Gartner predicts that by 2014, 70% of all Fortune 2000 companies will have at least one cloud-based application that employs game theory to influence employee or customer behavior. According to Badgeville's Pattabhiram, many of them already do, and next year will simply be the year that people sit up and take notice of how effective those applications are in driving business opportunity.
Gamification is the concept of applying the psychology of game-design thinking to non-game applications to make them more fun, engaging and addicting. The psychological carrots include the need for public recognition and the thrill of competition. The applications in the business world include boosting sales, encouraging collaboration and information sharing among employees and partners, and increasing customer service satisfaction.
There are more than 50 gamification products, platforms and services available on the market including Badgeville, BunchBall, Crowd Factory, Gamify.it, Hoopla, Kudos, Objective Logistics and Rypple (a Salesforce.com company) to name only a very few.

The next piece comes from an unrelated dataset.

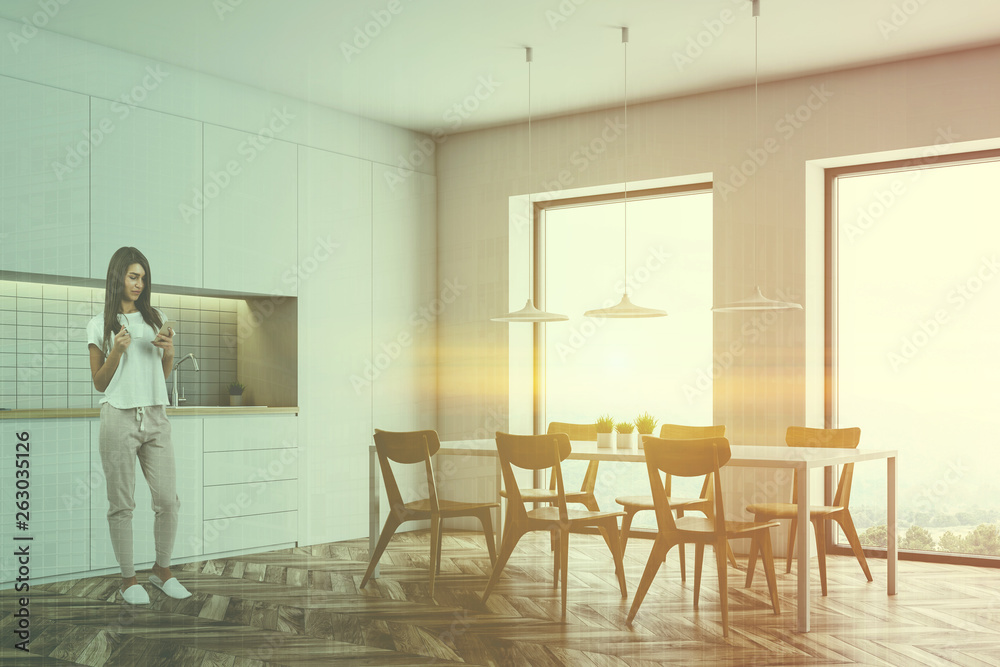 Fototapeta premium Woman with phone in white kitchen with table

Pattabhiram contends that the potential benefits of gamification to the enterprise, should it be implemented next year, are behavior management, rewarding participation, controlled social mechanics and behavior analytics.
IDC security analyst Phil Hochmuth has no doubt that there will be security breaches in the cloud next year, whether we get wind of them or not, mainly because of the fact that using hard-to-control mobile devices is the dominant means by which employees are accessing the cloud.
"That is one of the biggest reasons we are seeing most vendors take on a hybrid delivery model for their security products," Hochmuth says. Under this scheme, security vendors are offering - and enterprises are deploying - the traditional appliance-based security products for on-premise access and then enlisting a SaaS product - most of the time from the same vendor to help facilitate unified security management policies -- to shore up secure access from mobile clients. IDC predicts that over the next three years, hybrid deployments will comprise 60% of all deployments, a market the firm says will balloon to $3.3 billion by 2016.
Controversy about the jurisdiction and legality of data stored in the cloud and outside of a customer's home country will erupt as cloud adoption grows in 2013, says Jim Reavis, executive director of the Cloud Security Alliance.
But don't expect government policy changes to help mitigate the problem, Reavis says. Greater customer awareness of data residency options, such as format-preserving encryption, will help mitigate these concerns and technological innovation will have a greater impact on solving this global policy question than government action.